> [DATA EXTRACT]:
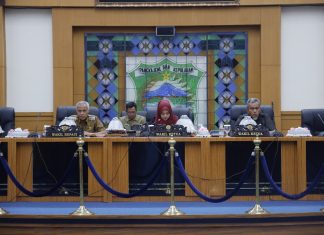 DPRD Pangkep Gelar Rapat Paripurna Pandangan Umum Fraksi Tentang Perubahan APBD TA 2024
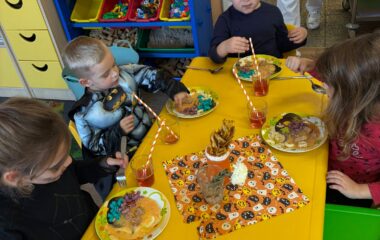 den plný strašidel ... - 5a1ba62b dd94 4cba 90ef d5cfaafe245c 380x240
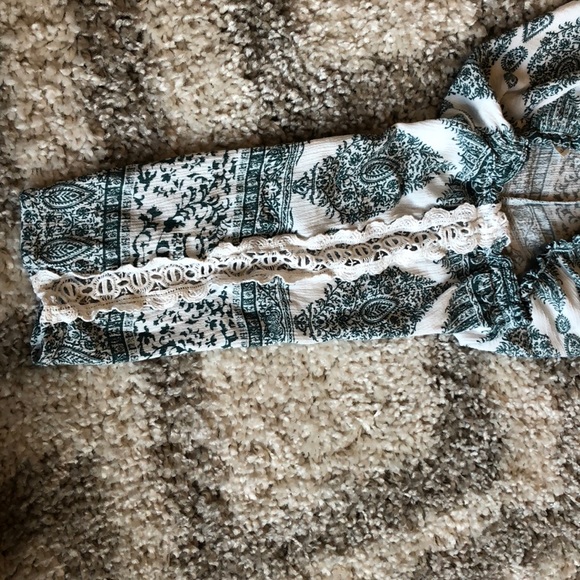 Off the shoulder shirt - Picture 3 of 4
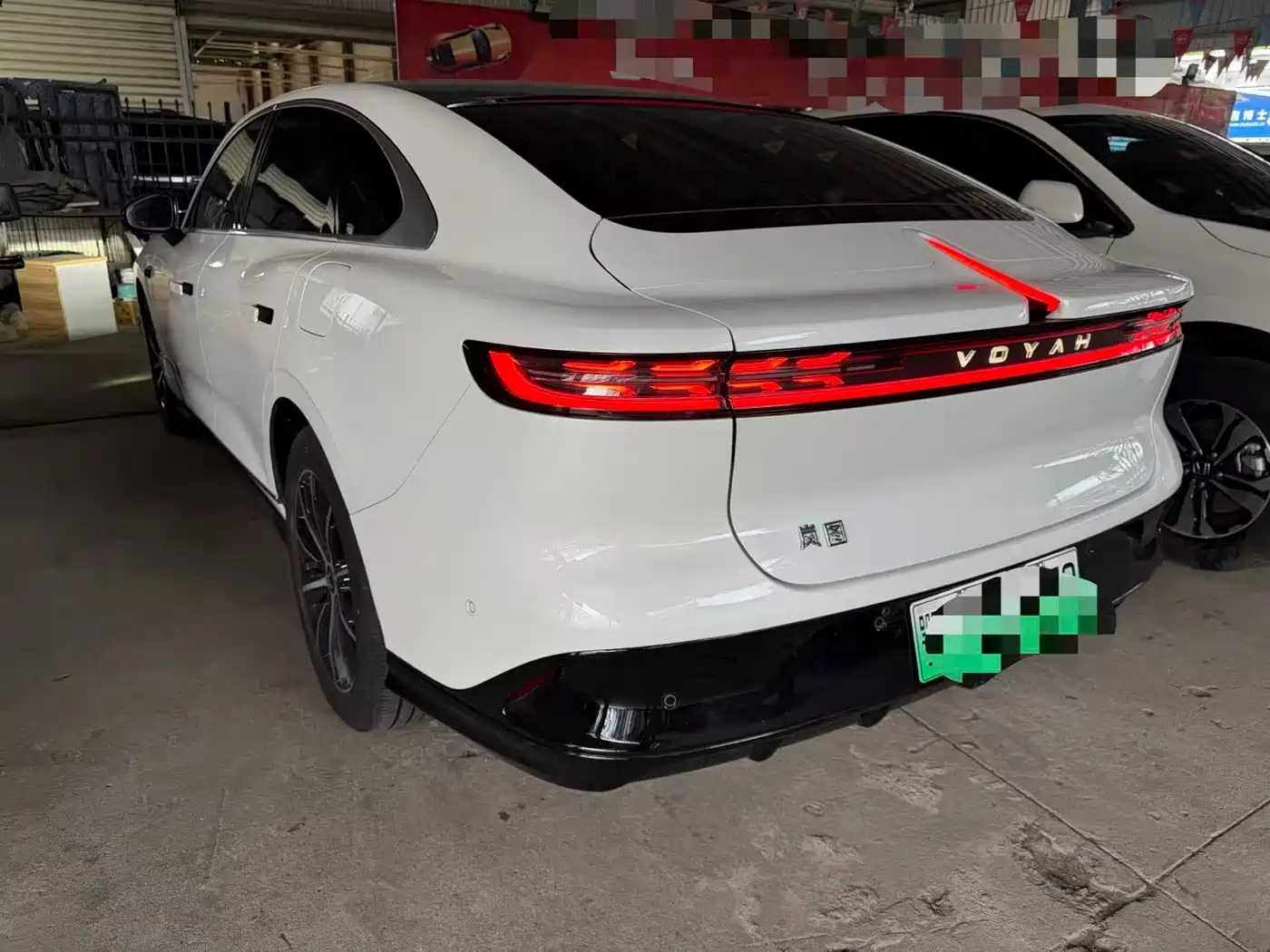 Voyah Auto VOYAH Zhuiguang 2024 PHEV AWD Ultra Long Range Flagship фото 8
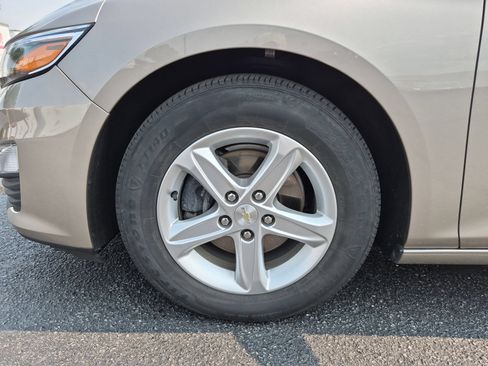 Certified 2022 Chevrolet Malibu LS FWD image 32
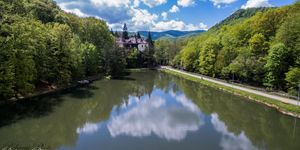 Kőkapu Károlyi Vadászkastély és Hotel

==

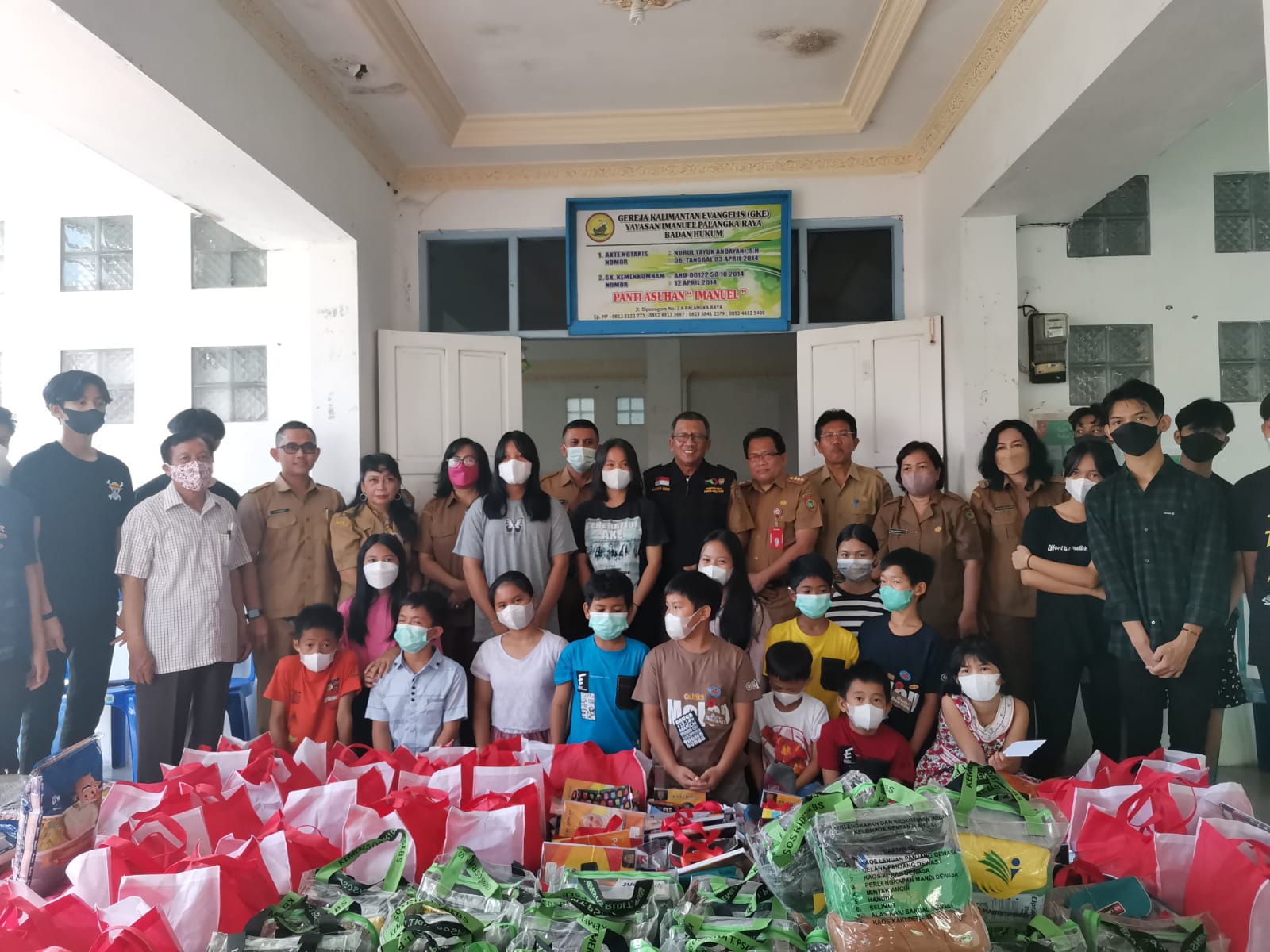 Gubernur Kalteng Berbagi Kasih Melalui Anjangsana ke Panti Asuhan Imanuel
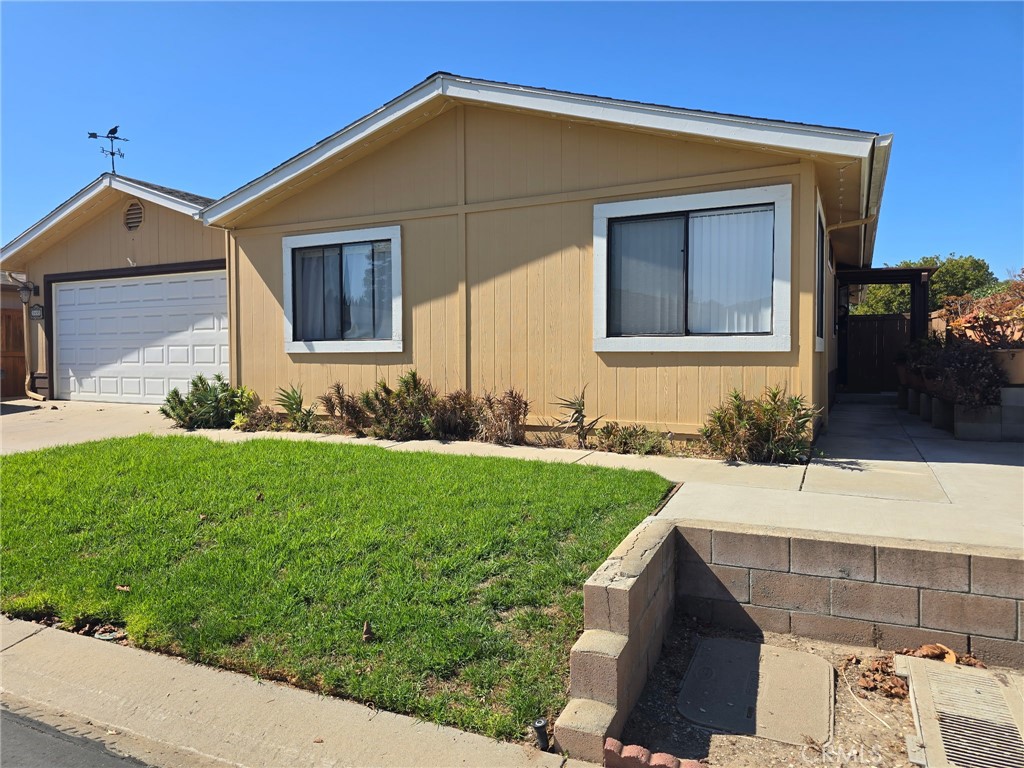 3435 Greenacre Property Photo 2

> [YOUR OBJECTIVE]:
Using the data above, print only the lines starting at the one with "Gubernur Kalteng Berbagi" and ending at the one with "3435 Greenacre Property Photo 2", exactly as they stand, minus the pictures.

> [ANSWER TO THE EXERCISE]:
 Gubernur Kalteng Berbagi Kasih Melalui Anjangsana ke Panti Asuhan Imanuel
 3435 Greenacre Property Photo 2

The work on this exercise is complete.